Njeri claims she was shocked to learn that Njuguna had found a younger woman to marry just days to the secret wedding, forcing her to seek intervention from the courts.

“When the order was delivered at the woman’s house where the wedding was supposed to be held, he was not around, but he later signed it,” a close relative told The Nairobian. “We thought he would obey the order, only for word to reach us that the wedding was going on. Luckily, we arrived in time and saved the situation.”

Njeri says she met Njuguna in college in Machakos and that their love blossomed in Kakamega where he was posted as a clinical officer and where she worked briefly as a nurse.

The two tied the knot at a church wedding in Thika following her transfer from Kakamega.

“I decided to quit the government after we got married. We opened our own clinic to allow us to settle down and raise a family like anyone else,” said the mother of six.

With money rolling in, the couple lived on the fast lane, raising their children and investing in plots and other businesses until misfortune struck in 2004.

“I realised I had a lump in my right breast and upon further investigation, it was confirmed that I had breast cancer,” Njeri reveals, saying she opted for a mastectomy to save her life.
Life then moved on smoothly for the couple as “Njuguna was supportive.” When he was attacked by thugs who seriously injured his limbs and left him confined to wheelchair for three years, Njeri claims she took care of him until he healed.
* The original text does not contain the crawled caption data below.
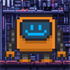 Cubey: Blockbyte (Xbox One)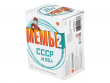 Мемы-2: СССР и 90-е
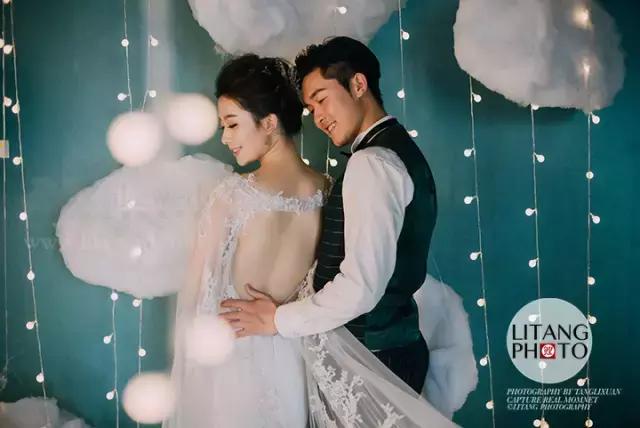 520都准备礼物了吗,520也想要一件礼物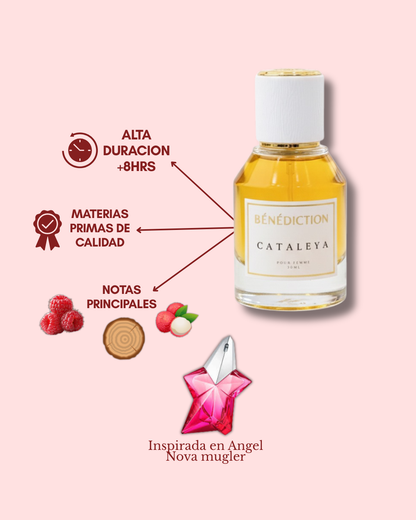 CATALEYA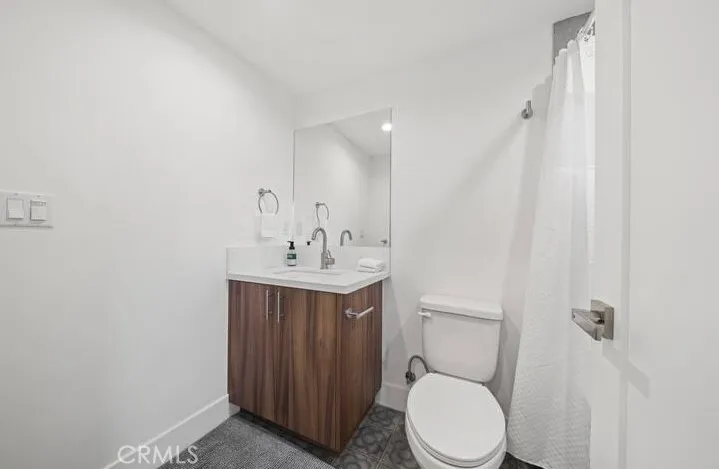 Additional image 41 of 5637 Klump Avenue, North Hollywood, CA 91601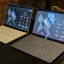 Intel Core Ultra 200V in een stel Dell laptops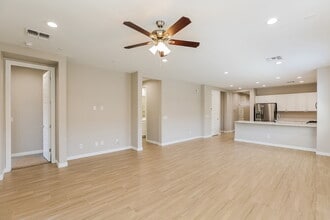 1219 E Glass Ln in Phoenix, AZ - Building Photo - Building Photo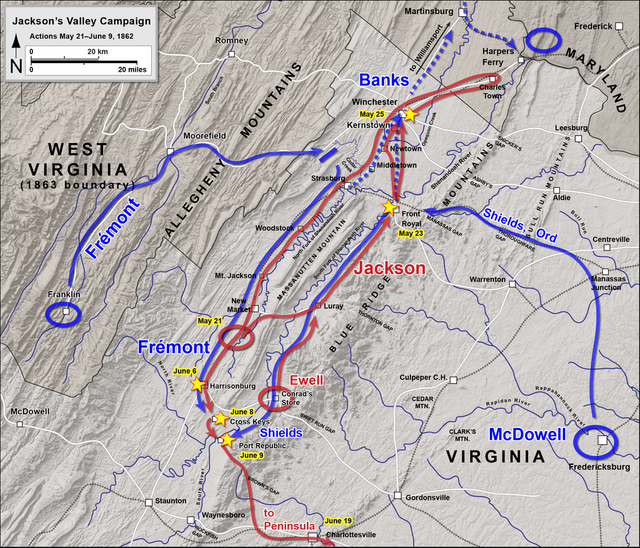 Jackson's_Valley_Campaign_May_21_-_June_9,_1862.png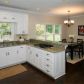 4945 Haydens Walk Drive, Alpharetta, GA 30022 ID:14426856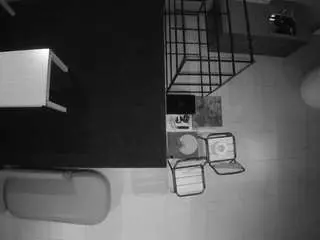 Camsoda Best Webcam of voyeurcam-jb-room-4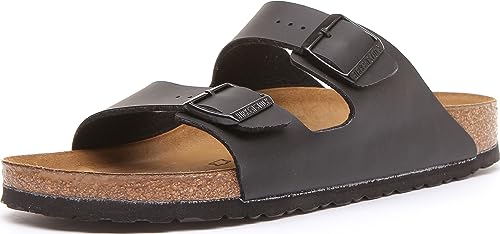 Image of Birkenstock Women's Arizona Sandal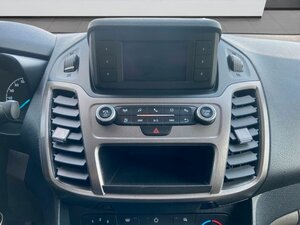 Ford Transit Connect Trend*Würth Regal*PDC*SHZ*SYNC* 14.000 km 19.890 € Nidderau 61130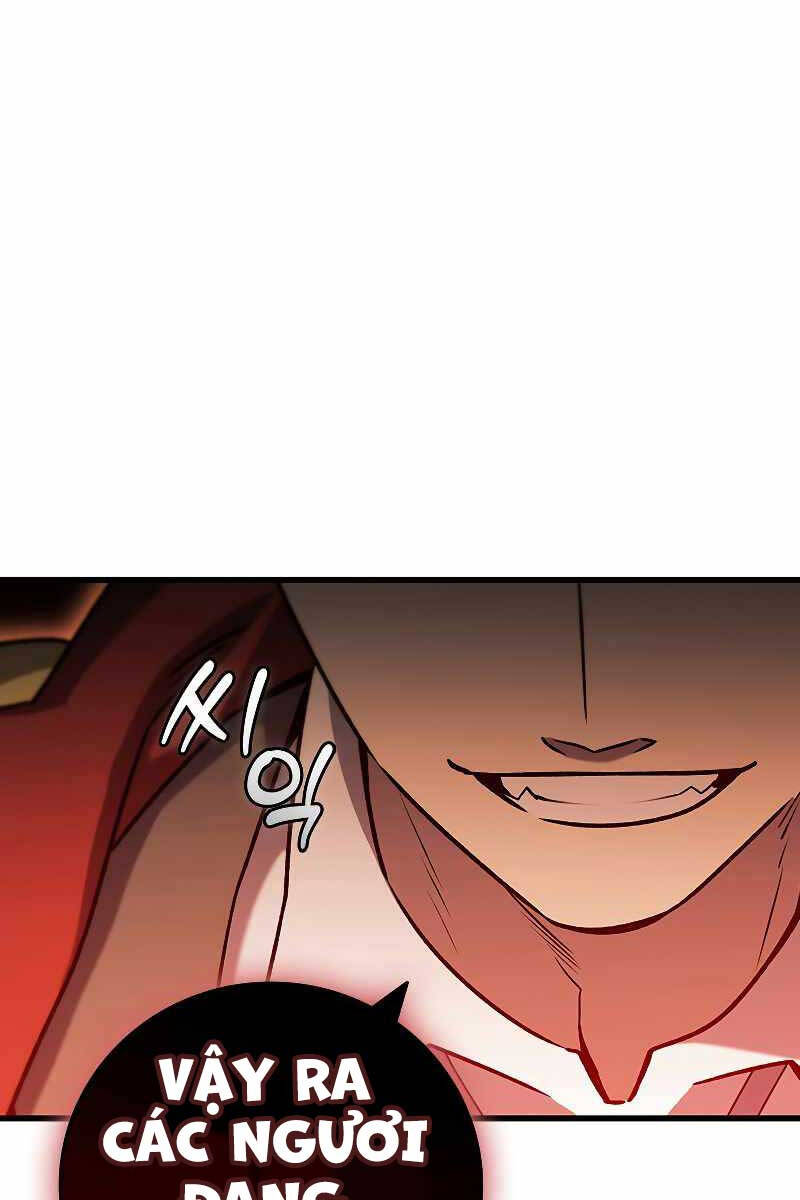 Thực Long Ma Pháp Sư Chapter 23 - Trang 2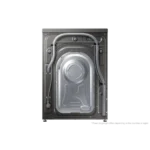 Lavante-séchante addwash 7+5Kg - WD70T554DBN Inoxydable / Inox 7+5 kg – Image 4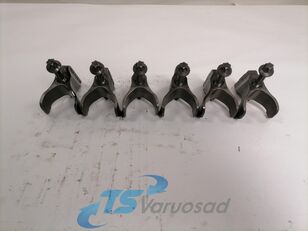 Scania R420 トラクタートラックのためのScania Injector holder 1484191 燃料ポンプ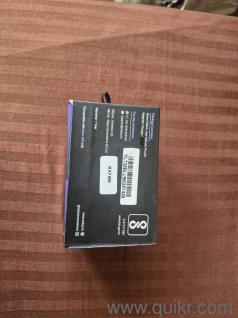Kids watch - Sekyo Magic Pro for sale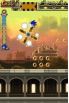 Sonic Rush Adventure screenshot 10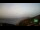 Webcam in Cabrera, 26.5 km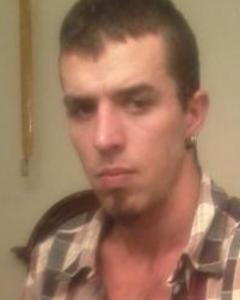 Man, 34. sparks695767
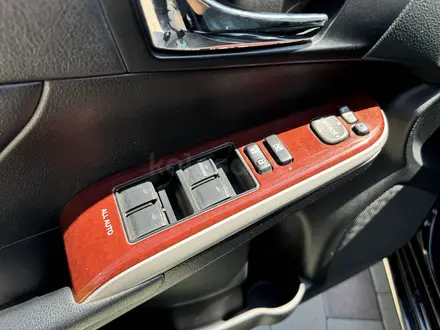 Toyota Camry 2013 года за 10 700 000 тг. в Алматы – фото 8
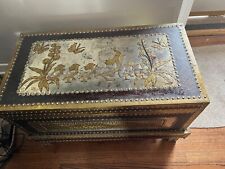 Antique hand crafted for sale  Mount Prospect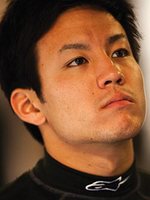 Kimiya Sato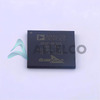 ADSP-BF524BBCZ-3A
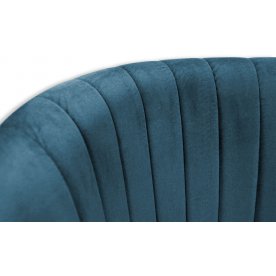 Стул на металлокаркасе SHT-ST36-1/S64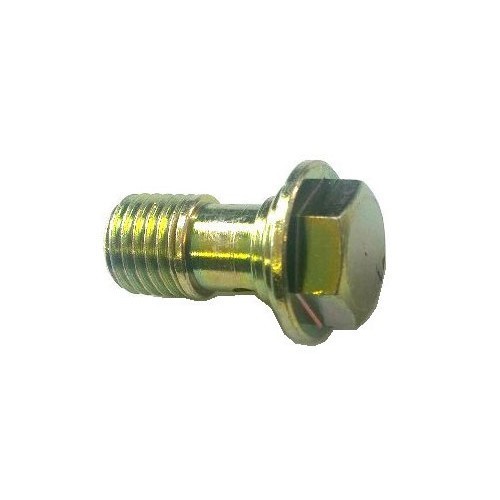  Banjo connecting screw for Weber DCOE - UC40217 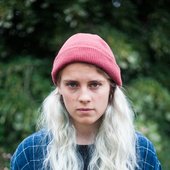 DAY3_MARIKAHACKMAN_PORTRAIT_MM_0481.jpg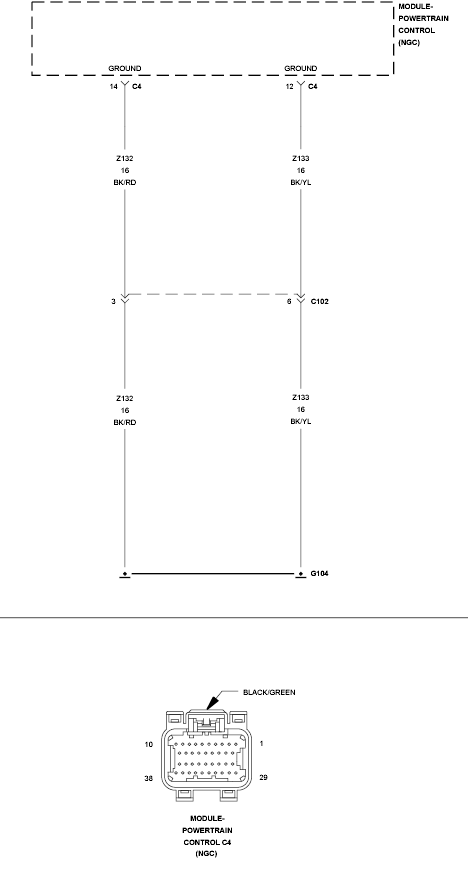 GC0117690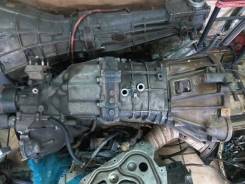 Механическая коробка переключения передач. Toyota Cresta, GX81, GX100, GX90 Toyota Mark II, GX81, GX90, GX100 Toyota Chaser, GX90, GX81, GX100 Двигате...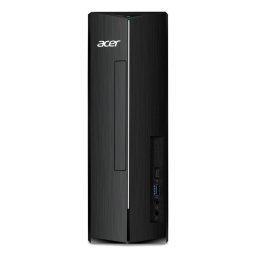 PC Sobremesa Acer Aspire XC-1785 Intel Core i5-14400 8GB 512GB SSD Intel UHD Graphics Windows 11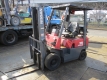 Nissan_Forklift_2units-JEN21001841-041
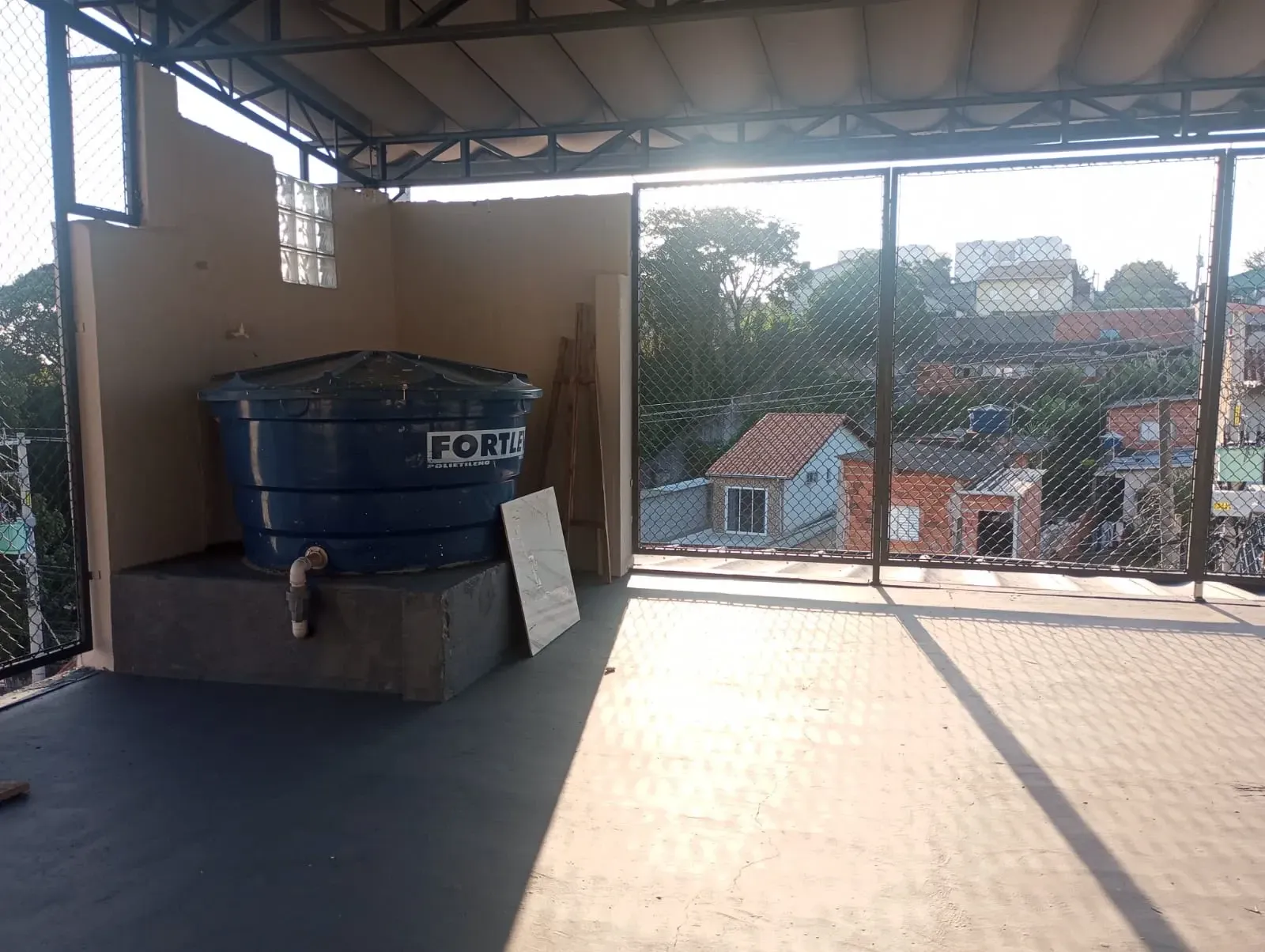 Imagem Sobrado com 3 Quartos à Venda ou Locação, 250 m² em Vila Brasileira - Mogi das Cruzes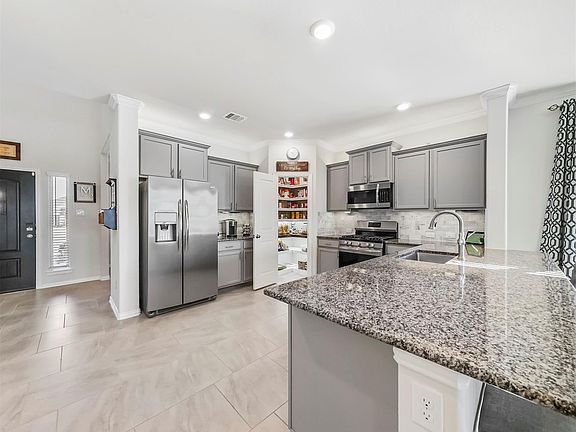 5th image of 29507 Barker Meadow Ln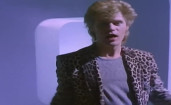 Daryl Hall Ft John Oates - Out Of Touch (Int-Out 2K26 V Edit Pinky) 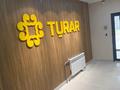 2-бөлмелі пәтер · 58 м² · 8/9 қабат, Қайрат ш/а., Туркестан 115, бағасы: 32.5 млн ₸ в Алматы, Турксибский р-н — фото 3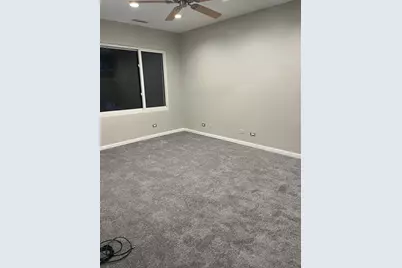 1638 N Washtenaw Avenue #2, Chicago, IL 60647 - Photo 3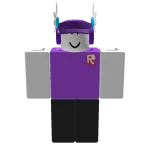 Nakanansbwn's avatar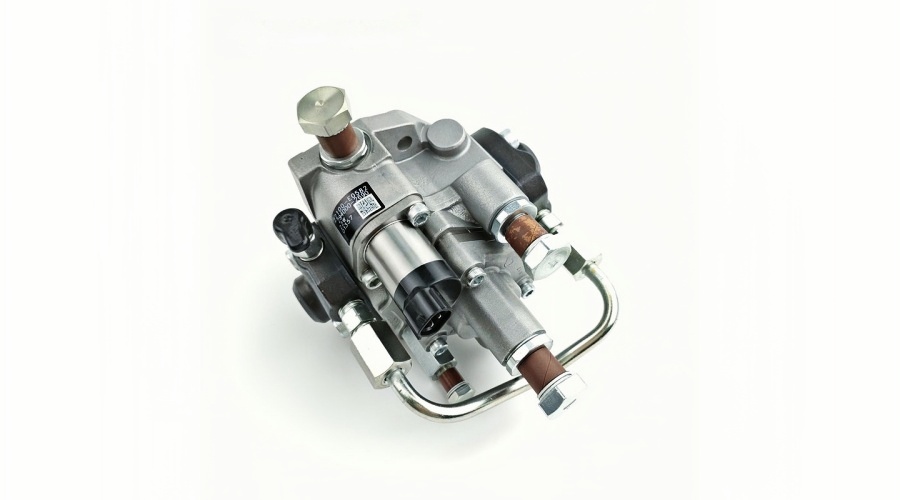 22100-E0582 OEM Fuel Injection Pump  for Hino Diesel J05E engine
Then in 2012, Njuguna teamed up with a close relative who works in real estate and deals in houses of high-profile figures in government and with time rose to the position of a manager of the company. That, apparently, is when things started to fall apart.

“Around 2013 and 2014, he started changing and would even step away from me whenever he received a phone call. Things moved from bad to worse when, in August 2015, he came home and found me in bed. I remember he insulted me about my body and kicked me out of the house saying his home was not a hospital ward and I ought to find one,” said Njeri.

Sensing danger, Njeri says she left for her parents’ home where she opened a small business to sustain her life before Njuguna’s brother intervened and brought her back home.

“I returned to my matrimonial home briefly but fled when he arrived in a foul mood and attempted to attack me,” she claimed.